Nah, then. This is my first column for the YEP so share the backside off it for me or it’ll wind up being my last. Given I’m about to lob bricks at a story in the paper, I could be on P45 street before the morning.
Anyroad, I’m sat ‘ere up Chapel Allerton in t’Regent with me Evening Post (still baffles me why they call it that when it hits me gran’s tabby on the nut at about 5am everyday) and I’m fuming before I’ve knocked the froth off me wet.
Right there in black and white: ‘Let’s get city buses moving’ it says, without a hint of bloody irony. Get the buses moving! Are they taking the Alan Smith?
Some town hall big-wig pipes up in the piece: ‘The bus operators are quick to tell us that congestion is one of the main reasons why their services are so unreliable.’ Noooo. Really!? Thank you, Sherlock, or words to that effect.
Incredibly, he goes on: ‘...but we don’t necessarily buy that!’

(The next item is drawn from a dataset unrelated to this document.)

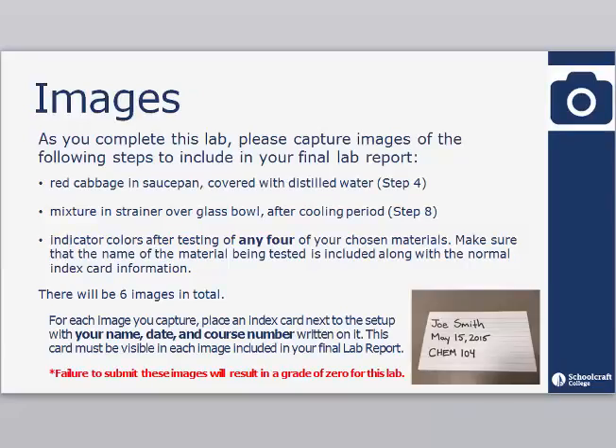As you complete this lab, please capture images of the following steps to include in your final lab report: the red cabbage and saucepan covered with distilled water in step 4, the mixture in a strainer over a glass bowl after the cooling period in step 8, and your indicator colors after testing any 4 of your chosen materials. There will be 6 images in total. For each image you capture, place an index card next to the setup with your name, date, and course number written on it. This card must be visible in each image included in your final lab report.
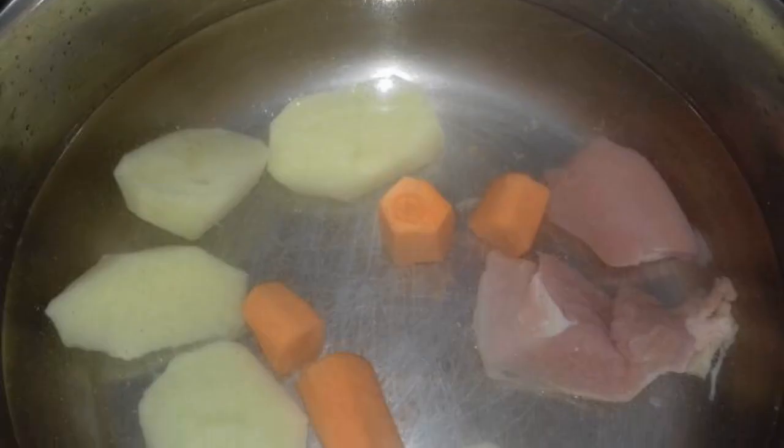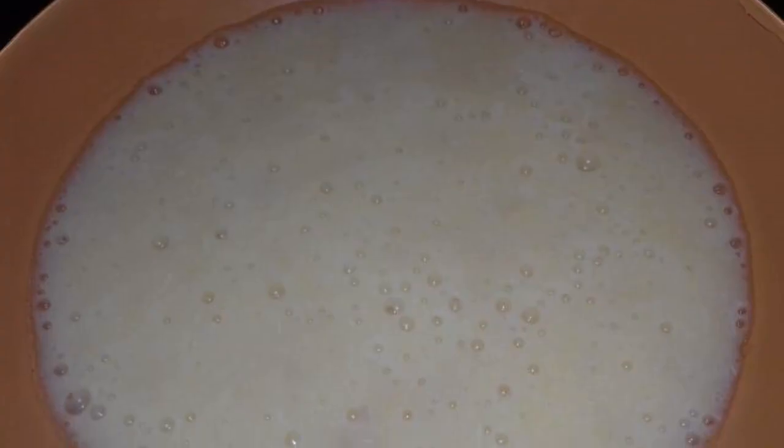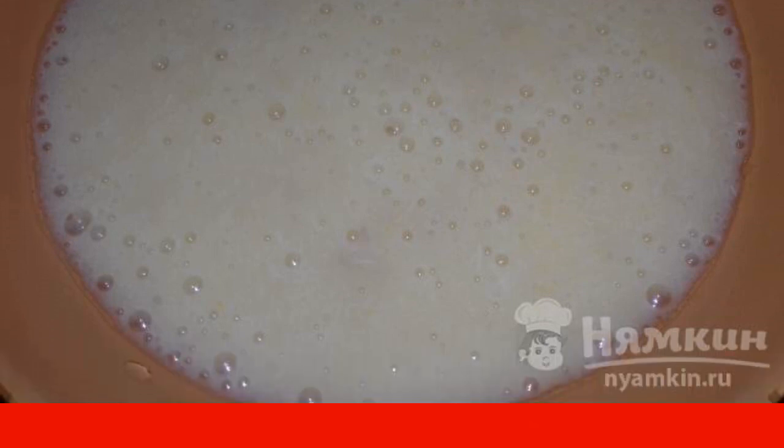Put the chicken and vegetables to cook for 25 to 30 minutes and salt. The boiled soup is placed in a blender bowl and ground. Pour the soup into a plate, let it cool down, and lunch is ready for your baby. Enjoy your meal.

Is this guy for real? It’s bad enough in this city if you’re a Bus-Jimmy-Floyd-Hasselbainker without the likes of Paul Truswell telling us all that we’re imagining it when we’re sitting in log-jams snaking around Bridgewater Place with a hurricane howling ‘round yer tabs. Leeds roads flow about as freely as Steve Evans’ arteries!

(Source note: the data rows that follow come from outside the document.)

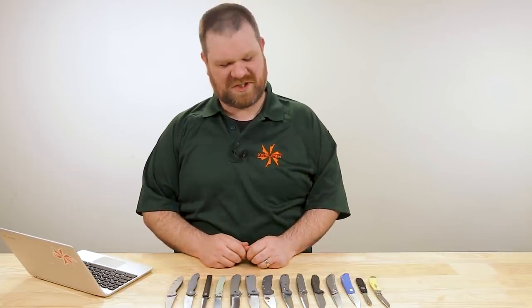Hey everyone, David C. Andersen here coming at you from the KnifeCenter. Maybe you're heading back into the office soon, or perhaps you never even left in the first place. But in any case, now is the perfect time to look at a new office knife, and we've got some great options to look at today. Let's check them out.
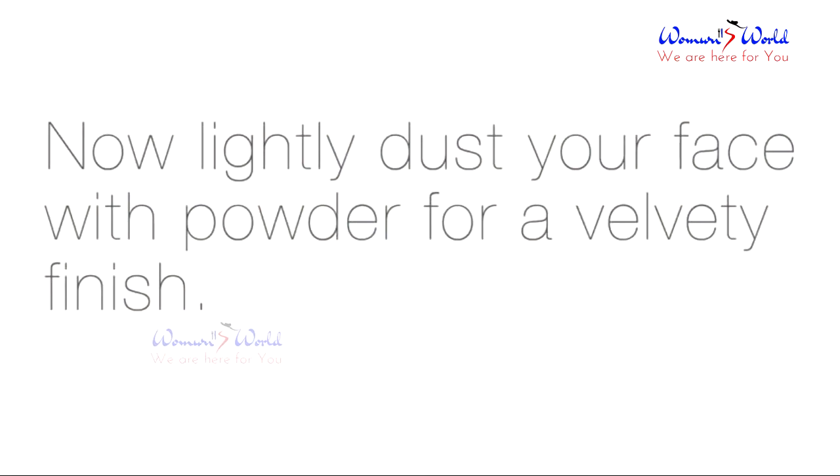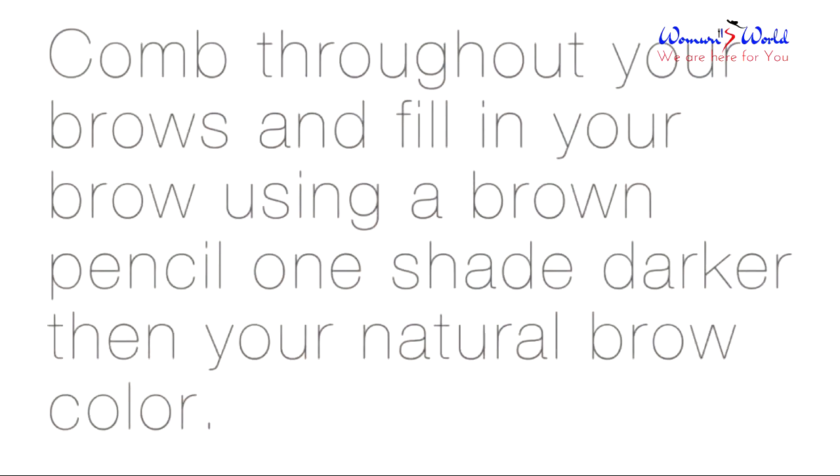Now lightly dust your face with powder for a velvety finish. Comb through your brows and fill them in using a brown pencil one shade darker than your natural brow color.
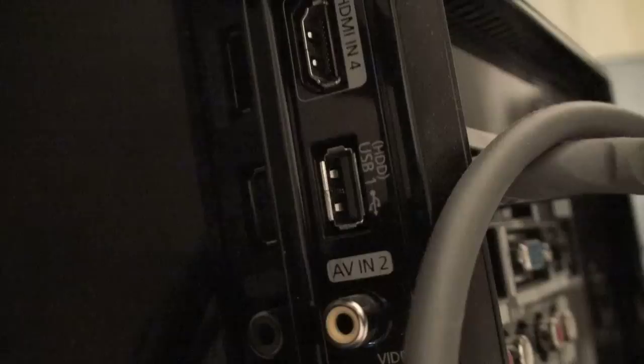Here's something cool that most people don't know. If you have a newer flat screen TV — within maybe the last couple years — if you go in the back of it there should be USB ports. If yours has one that says HDD above it, that means it puts out enough power to power an external hard drive.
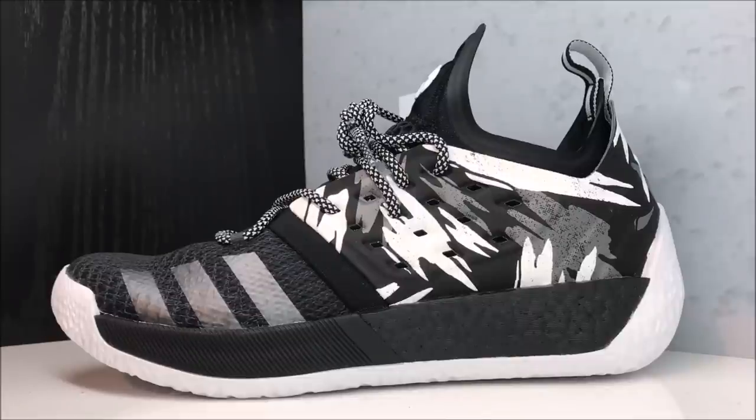These shoes are out now and will be linked in the description box below. I think they're sweet — something for on the court and definitely off the court too. If you disagree, let me know in the comment box below. I personally can't see how you can't wear these casually. The cut is kind of similar to the NMDs or the Ultra Boost if you really look at it.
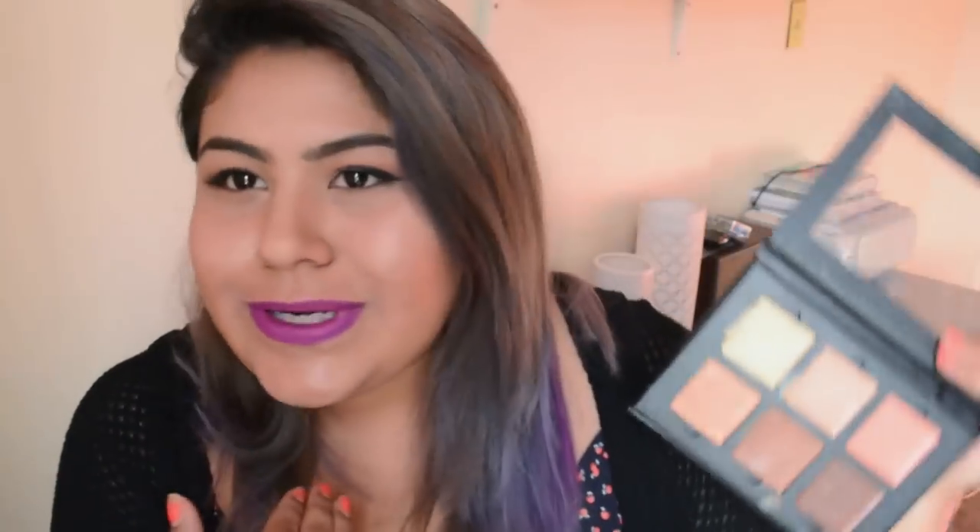Use cinnamon to contour your jawline, as a transitional color for your cheekbones up to your temples and forehead. If you have a bigger forehead, obviously use a little bit more contour there. Chocolate is more to define. I like to go in with cinnamon first and then define more with chocolate. You can see it's a little dirty because I've used it so much — this is the only thing I use when I contour.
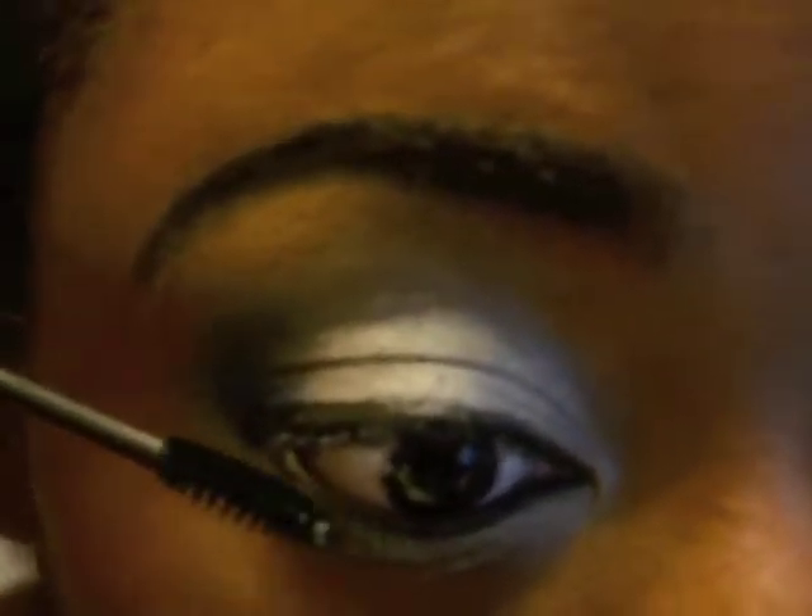Now apply your mascara. I am also applying mascara to my lower lashes. As you can see, I have false lashes on, but this is optional.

It’s people like Truswell coming out with nonsense like that which makes me really grumpy.
I turn quickly inside the paper looking for how this so-called expert plans to unblock Leeds’ roads. His top two suggestions? Wait for it... ‘focus on pinch points and tackle micro-issues.’
At this point me pint of stout is up the Regent wall and I’m chuntering under me breath that I’m gonna show him a pinch point or two if he doesn’t start talking my language, and sharpish.
Anyroad, all of this will cost us £180m. If you want my view, you’d be better off spending it on giving us all roller skates.